Searching contents on a website for a specific keyword, code search in text editors & IDEs, and information retrieval systems used in libraries and archives are use cases for an algorithm that searches a string within another string.
Unlike searching for a single character, searching for a complete string could be challenging.
If we search string ION
in DICTIONARY
. For each character in DICTIONARY
, we have to look for I
, O
, and N
in the same order.
Throughout this article, I’ll be referring to the two strings as the following
- search string: The string upon which the search is executed. Example:
DICTIONARY
- input string: The string being searched. Example:
ION
Brute Force Solution
A brute force solution of substring search will loop over characters in the search string and for each character, it will perform another loop over characters in the input string to check for equality.
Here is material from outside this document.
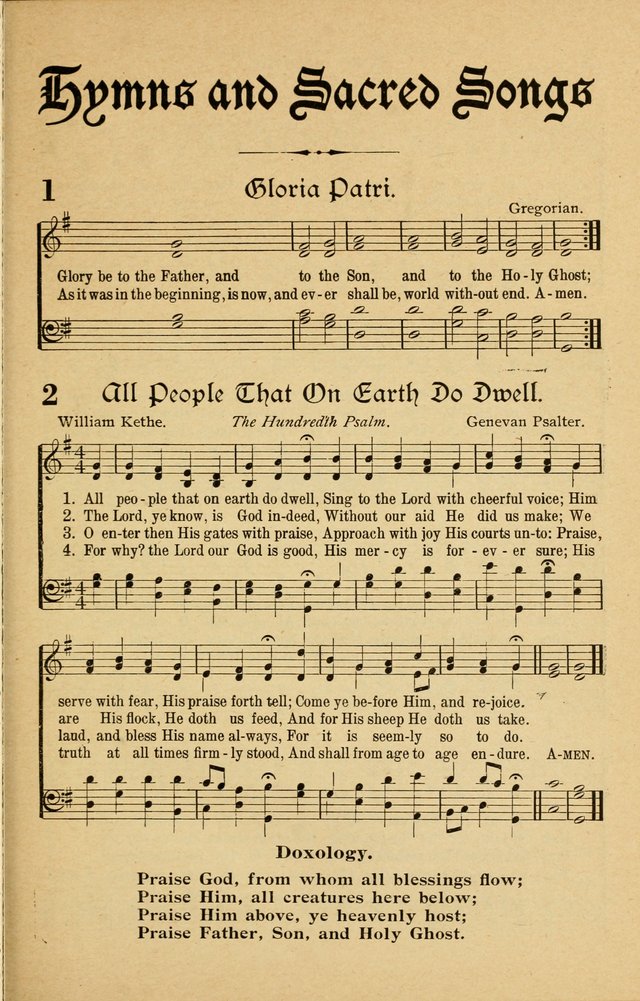 Hymns and Sacred Songs page 2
Psuedo Code for the Brute Force Solution
loop(index1 in search_string)
matchFlag = true
loop(index2 in input_string)
if search_string[index1 + index2] != input_string[index2]
matchFlag = false
break
if matchFlag == true
return True
return False
Best Case Scenario
The best performance scenario for this algorithm will be when we have to search a string within itself.
Since the outer loop (over search string) is executed only once the resulting time complexity is $O(m)$, where $m$ is the size of the input string.
The result will also be the same if the search string has characters after ION
(like IONIZED
, IONIC
, etc.) because the algorithm will exit on the first match.
Worst Case Scenario
The worst-case scenario in terms of performance will be when the input string is not present in the search string.
The algorithm will loop over all characters in the search string and for each character, it will also loop over every character in the input string. The worst-case time complexity will be $O((n-m) m)$ where $n$ and $m$ are lengths of the search string and input string respectively.
Code for Brute Force Solution
package main
import "fmt"
func bruteForceSubstringSearch(inputString string,
searchString string)(bool){
// Looping over characters in searchString, time complexity: O(n)
for indexN:=0;indexN<len(searchString)-len(inputString);indexN++{
matchFlag := true
// Looping over characters in inputString, time complexity: O(m)
for indexM:=0;indexM<len(inputString);indexM++{
if searchString[indexN+indexM] != inputString[indexM]{
matchFlag = false
}
}
// Exit function if a match is found
if matchFlag == true{
return true
}
}
return false
}
func main(){
searchString := "DICTIONARY"
inputString := "ION"
fmt.Println("String",
inputString,
"is present in",
searchString, ":",
bruteForceSubstringSearch(inputString, searchString))
searchString = "FOOTBALL"
fmt.Println("String",
inputString,
"is present in",
searchString, ":",
bruteForceSubstringSearch(inputString, searchString))
}
// Output
// String ION is present in DICTIONARY : true
// String ION is present in FOOTBALL : false
Optimized Solution
The major contributor to the time complexity of brute-force solution is the recurring inner loop ($O(m)$). If we can somehow reduce it to constant time, then the total time complexity of the program will be $O(n)$.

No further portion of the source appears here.